_WORK INSTRUCTIONS_
Using the data below, print exactly the line with "Pendant Light Modern, Geometric", the line with "Dark abstract background", and every line between them, but none of the pictures.

_SUPPLIED ENTRIES_
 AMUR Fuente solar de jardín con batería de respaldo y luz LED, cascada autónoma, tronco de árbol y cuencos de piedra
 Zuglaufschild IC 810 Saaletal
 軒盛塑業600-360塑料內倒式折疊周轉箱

...

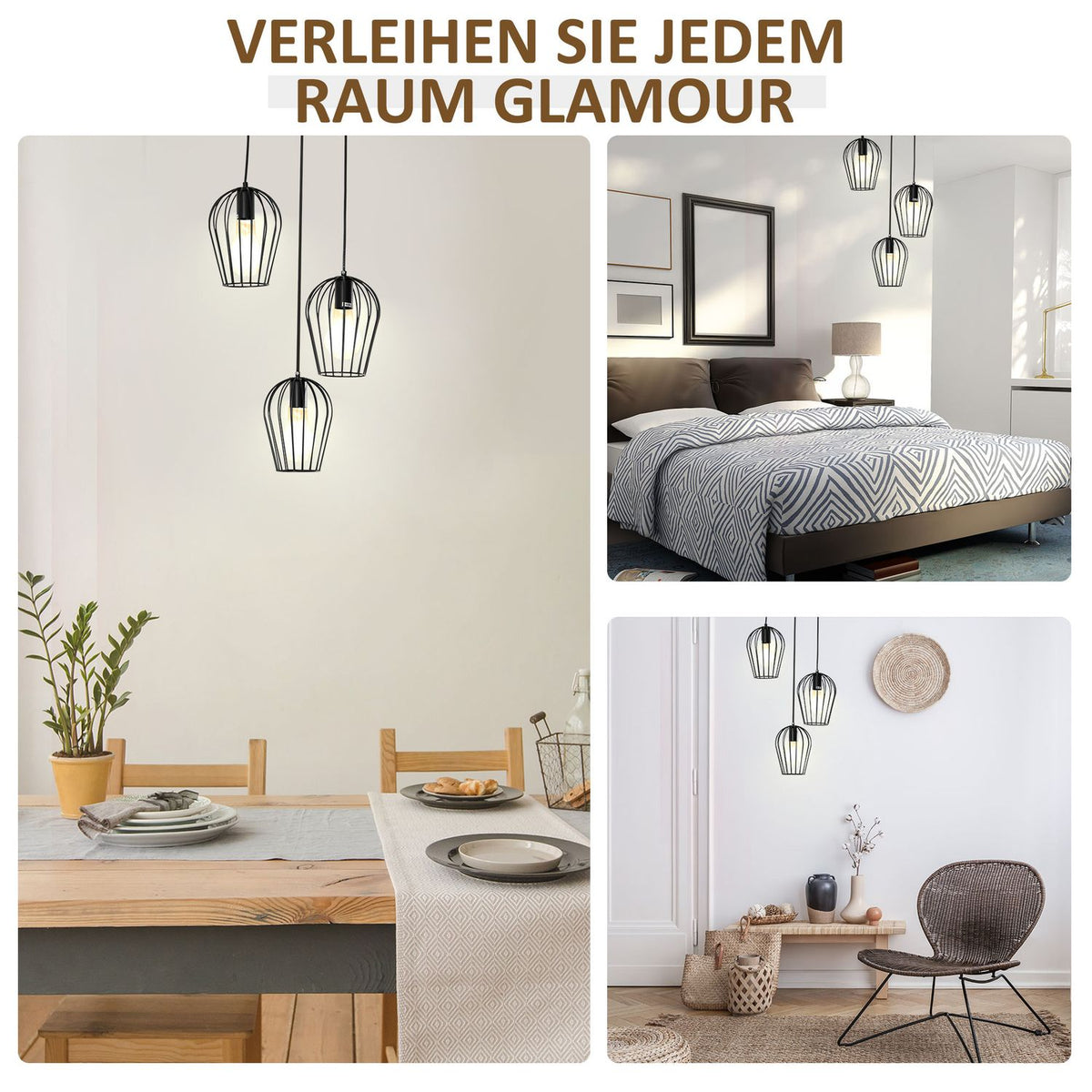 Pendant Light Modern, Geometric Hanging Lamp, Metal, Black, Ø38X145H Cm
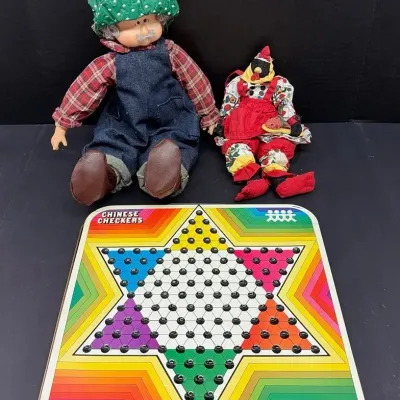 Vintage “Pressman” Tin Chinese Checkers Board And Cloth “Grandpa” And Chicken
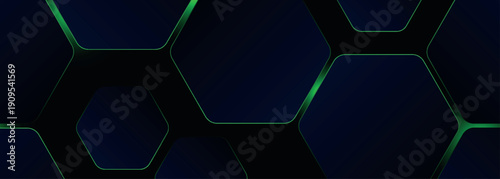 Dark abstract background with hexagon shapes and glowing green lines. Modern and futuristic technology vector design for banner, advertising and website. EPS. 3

_SOLUTION_
 Pendant Light Modern, Geometric Hanging Lamp, Metal, Black, Ø38X145H Cm
 Vintage “Pressman” Tin Chinese Checkers Board And Cloth “Grandpa” And Chicken
 Dark abstract background with hexagon shapes and glowing green lines. Modern and futuristic technology vector design for banner, advertising and website. EPS. 3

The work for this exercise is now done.